Tal vez de esa rara realidad quede registro en los libros de ciencia, los relatos literarios y las películas. Y, claro, no pocos dudarán de su existencia pretérita, desconfiarán de que eso fuera posible y opten por creer que se trata, más bien, de un mundo inventado por cerebros inclinados a la fantasía. Pero, ojo, no tendremos derecho a juzgar a los incrédulos; total, en un planeta tan acabado, no se puede disfrutar de nada y es difícil imaginar que algo pudo ser diferente, que el equilibrio climático hubiera existido jamás.

Hoy sentimos un complejo de culpa si nos regocijamos con los días de sol. Igual, si nos alegramos por la lluvia. Porque en el fondo sabemos que la Tierra está enferma. Que ese sol o esa lluvia tienen no sabemos qué de malsano, de sospechoso. Es como si nos riéramos de la enfermedad del planeta y no está bien reírse de los enfermos. Menos cuando somos parásitos de ese enfermo; de él dependemos y le debemos la vida.

Cuando, en cierto relato de Gabriel García Márquez —qué tontería decir “cierto relato”, lo diré sin ambages: La increíble y triste historia de la cándida Eréndira y de su abuela desalmada—, leímos que el alcalde de un pueblo del desierto se pasaba horas disparando a las nubes para hacer llover, creímos que se trataba de un absurdo, pero no; era más bien la representación de una medida desesperada, tomada en un intento por solucionar una situación apremiante.

Nada menos, hace unos días, la gente en Colombia clamaba por la llegada de los aguaceros. Sentía cerca la distopía de las guerras por agua. Hoy, esas personas parecen alegrarse porque llueve: tal vez significa que se pospone la tragedia.

Letras apocalípticas

“La lluvia... Al recordar que la palabra había tenido algún sentido, Ransom miró el cielo. Ni una nube, ni una gota de vapor empañaban la fuerza del sol que colgaba allá arriba como un genio siempre solícito. La misma luz invariable, un palio de amarillo esmaltado que embalsamaba todo en calor, cubría los campos y caminos al borde del agua”.

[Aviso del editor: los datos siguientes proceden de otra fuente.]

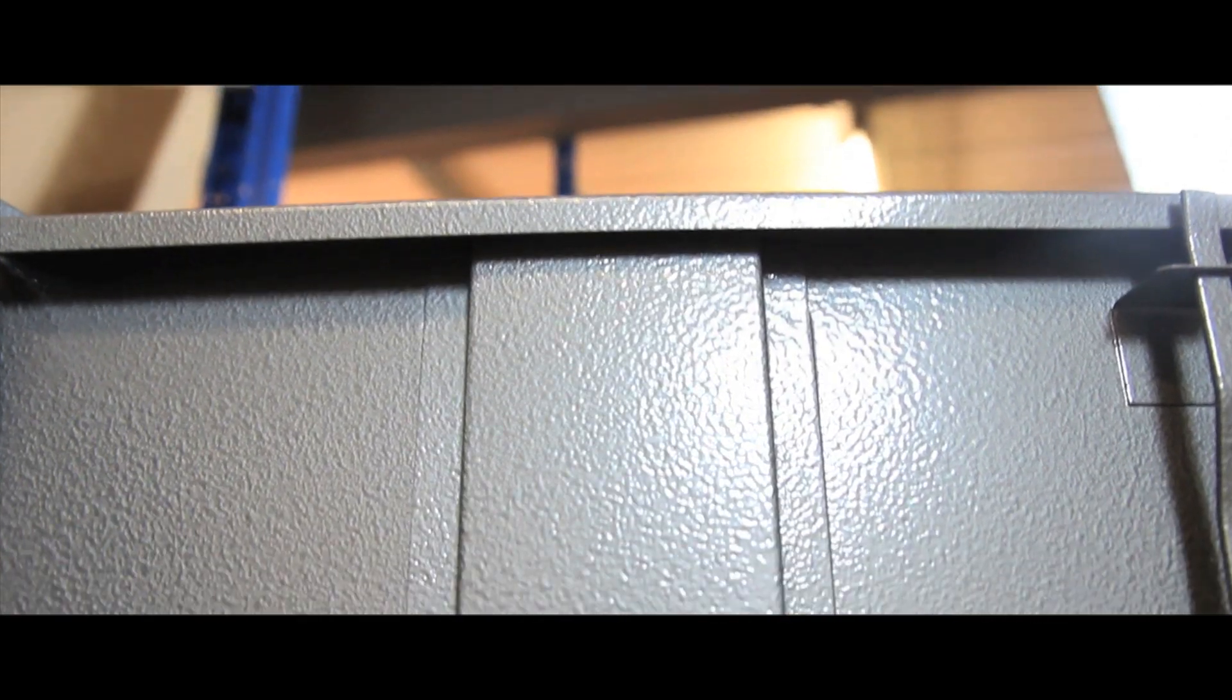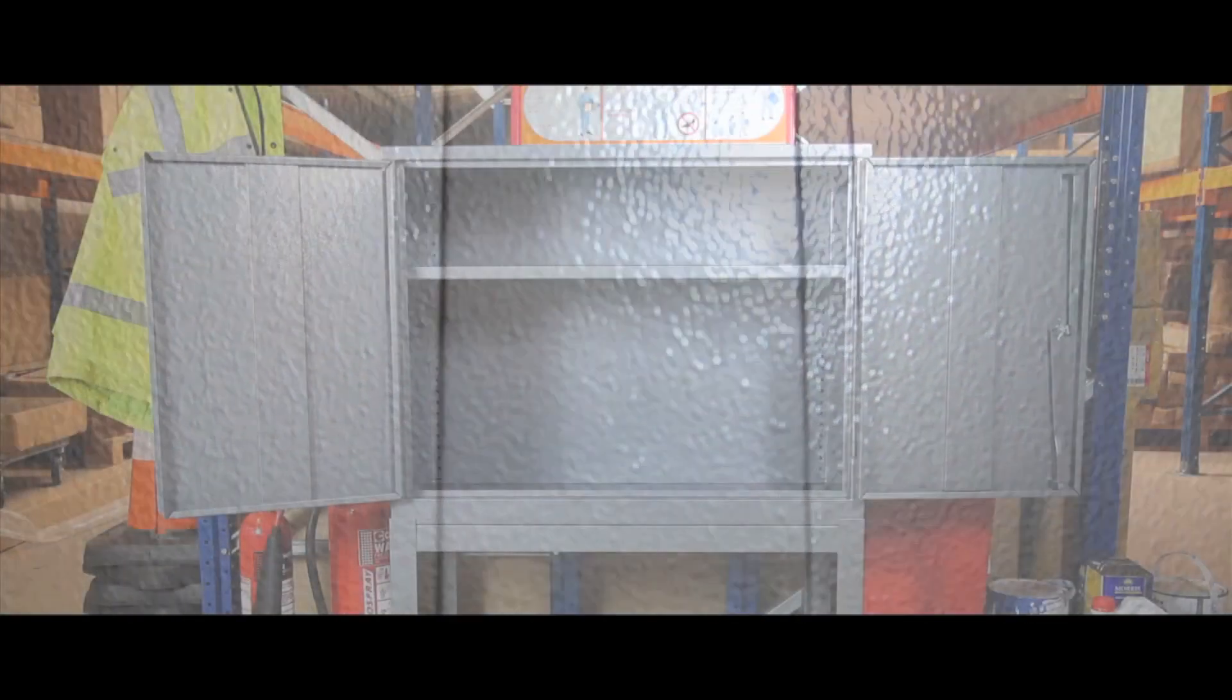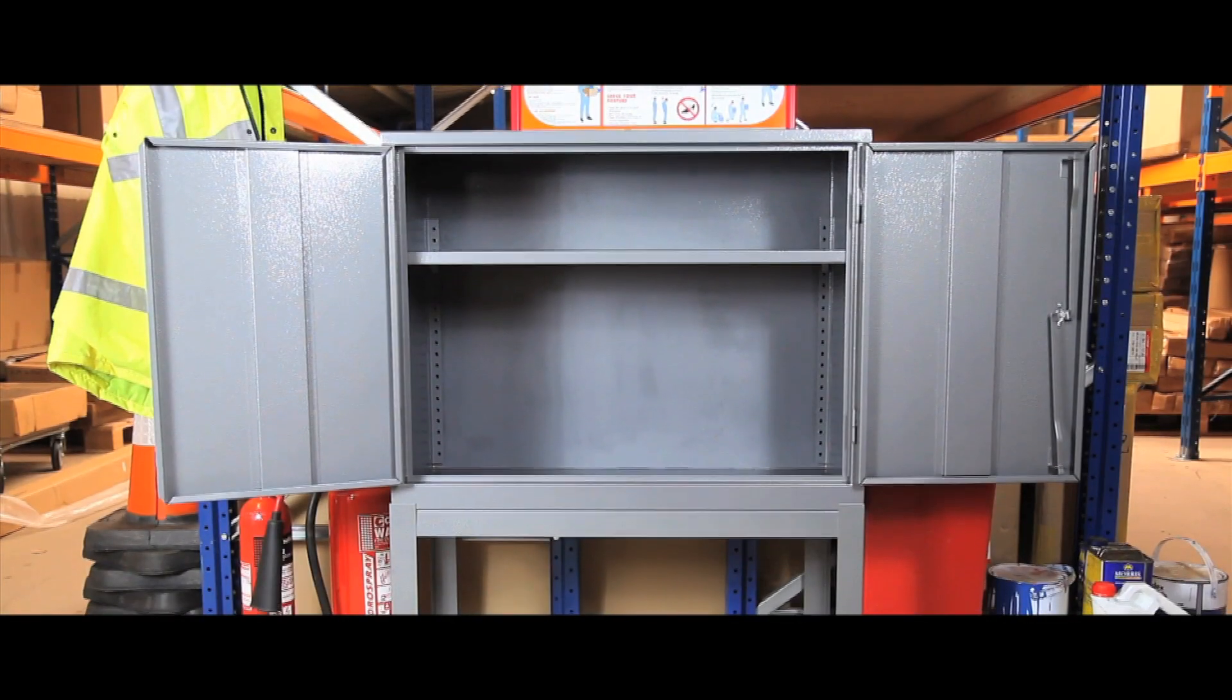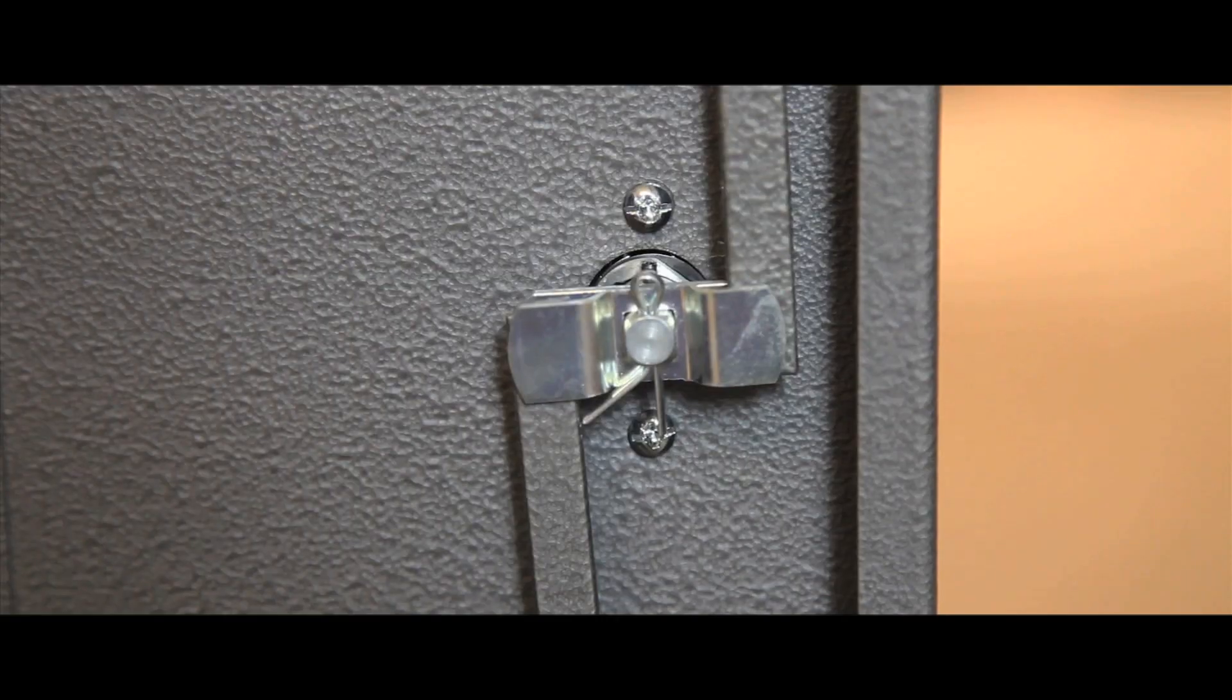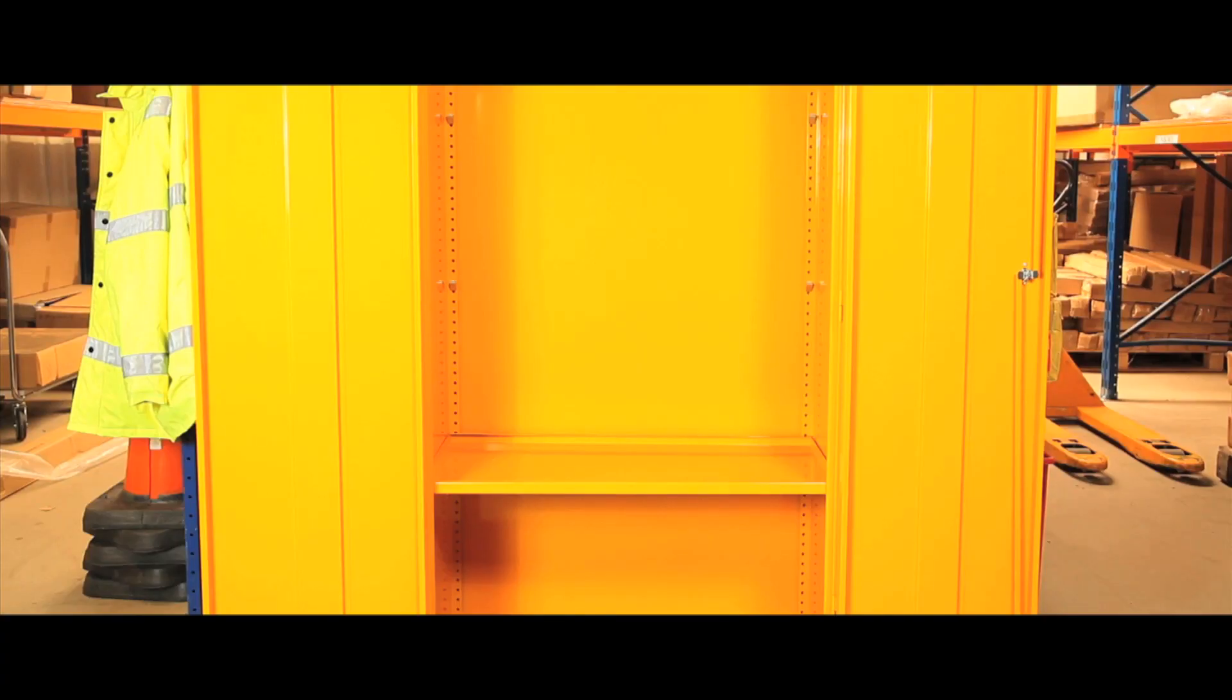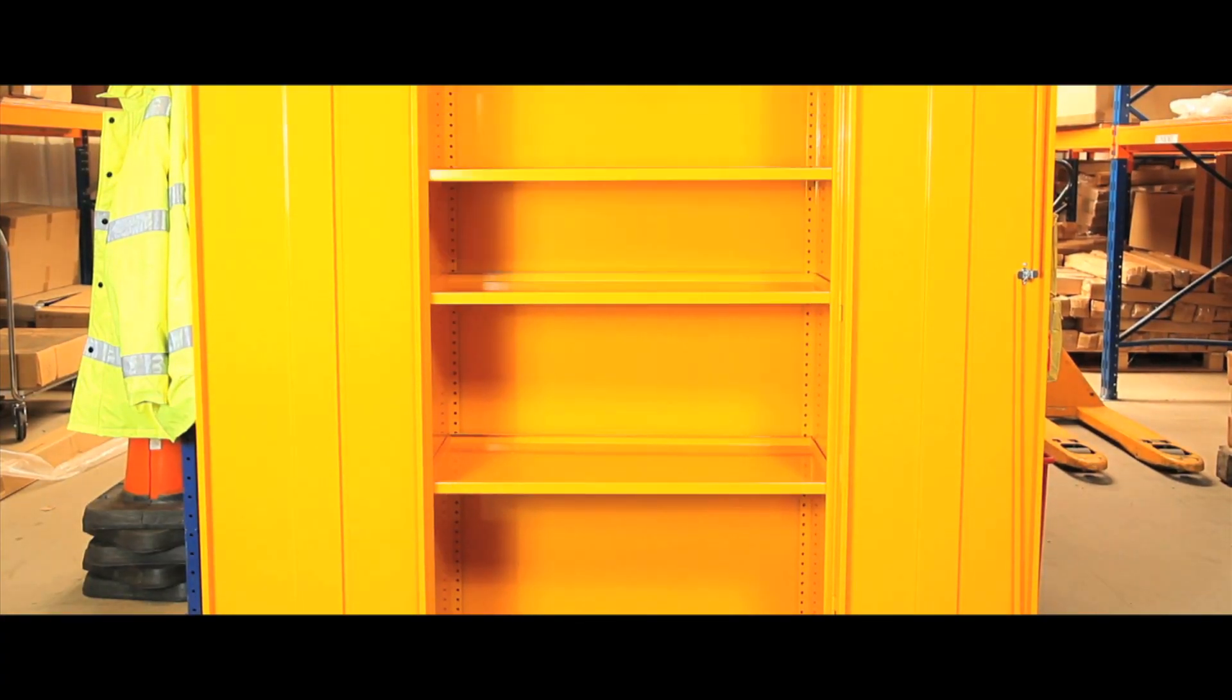Most models support a 50mm sump depth, whilst the larger sizes have a 150mm sump depth. The units come with either one or two reinforced doors with a two point locking system and one, two or three adjustable shelves.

Las anteriores son líneas de la novela La sequía, de James Graham Ballard, un inglés nacido en Shanghái. Publicada en 1965, detiene su drama en ese que es uno de los escenarios posibles derivados del cambio climático.

Como esta, las piezas literarias que pintan realidades indeseadas, son voces de alerta para que actuemos a tiempo —si acaso no es tarde ya— y no permitamos que reine la deshumanización. Y este, el de las distopías, tema vigente porque los científicos advierten ahora más que nunca sobre la inminente destrucción planetaria, ya lo preveían algunos autores desde siglos anteriores. ¿Será que no hay que ser un genio para predecir que los humanos vienen caminando desde el principio de los tiempos hacia su propia destrucción?

Uno de los visionarios es Julio Verne. París en el siglo XX es una novela escrita en 1863, que permaneció inédita y engavetada por más de cien años hasta que, al fin, la publicaron. En ella, el maestro de la ciencia ficción vaticina el uso excesivo de las máquinas, a las que los humanos rinden culto; la esclavitud de la moda; la falta de espacio para vivir; la silla eléctrica; la decadencia del idioma, porque los hablantes combinan el materno con términos técnicos y expresiones en inglés, y la contaminación ambiental causada por los motores de combustión para el transporte y la industria. ¿Ah? ¡Ni porque hubiera hecho un viaje a tiempos recientes para observarlo todo el muy bribón! En ese relato se lee:

“La mayor parte de los innumerables coches que surcaban la calzada de los bulevares lo hacían sin caballos; se movían por una fuerza invisible, mediante un motor de aire dilatado por la combustión del gas”.

El del libro es un París dominado por funcionarios, tecnócratas y banqueros. Con cien mil casas y humo de chimeneas de diez mil fábricas.

“Gracias” al cambio climático, cada vez más parecemos personajes salidos de una novela de Cormac McCarthy con el paisaje quemado, o de una de Stephen Baxter donde las ciudades son tragadas por el agua. Y en ambas surgen escenarios de hambruna y barbarie.

Por fortuna, uno no ha vivido un fin del mundo; lo ha leído no más.